→ **Assignment**:
The expected result is an exact restatement of the data, free of pictures.

→ **Supplied information**:
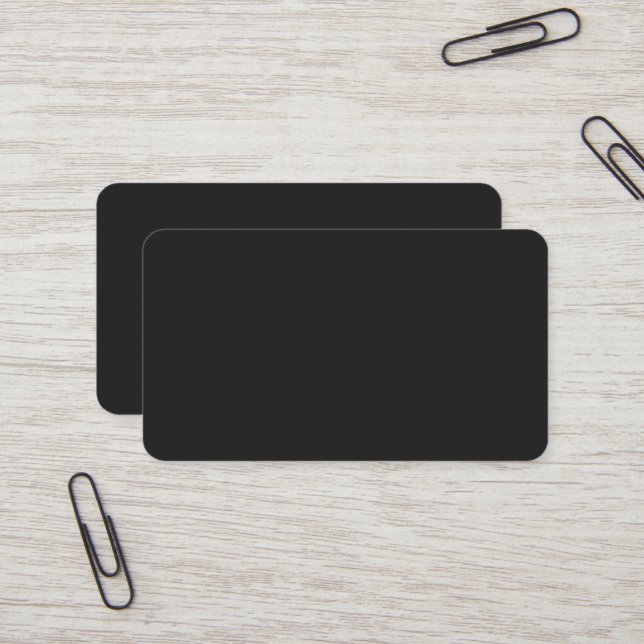 Carte de visite ronde noire étrange (Devant/Arrière en situation)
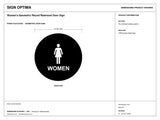 ADA Compliant Women's Geometric Round Restroom Door Sign — black-and-white architectural dimension drawing, sheet 1; reference SKU WR12U.
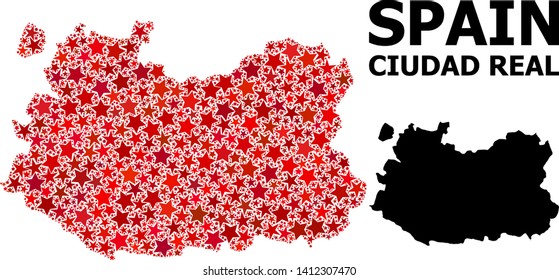 Red star mosaic and solid map of Ciudad Real Province. Vector geographic map of Ciudad Real Province in red color tones. Abstract mosaic is created from scattered flat star parts.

→ **Result below**:
 Carte de visite ronde noire étrange (Devant/Arrière en situation)
 ADA Compliant Women's Geometric Round Restroom Door Sign — black-and-white architectural dimension drawing, sheet 1; reference SKU WR12U.
 Red star mosaic and solid map of Ciudad Real Province. Vector geographic map of Ciudad Real Province in red color tones. Abstract mosaic is created from scattered flat star parts.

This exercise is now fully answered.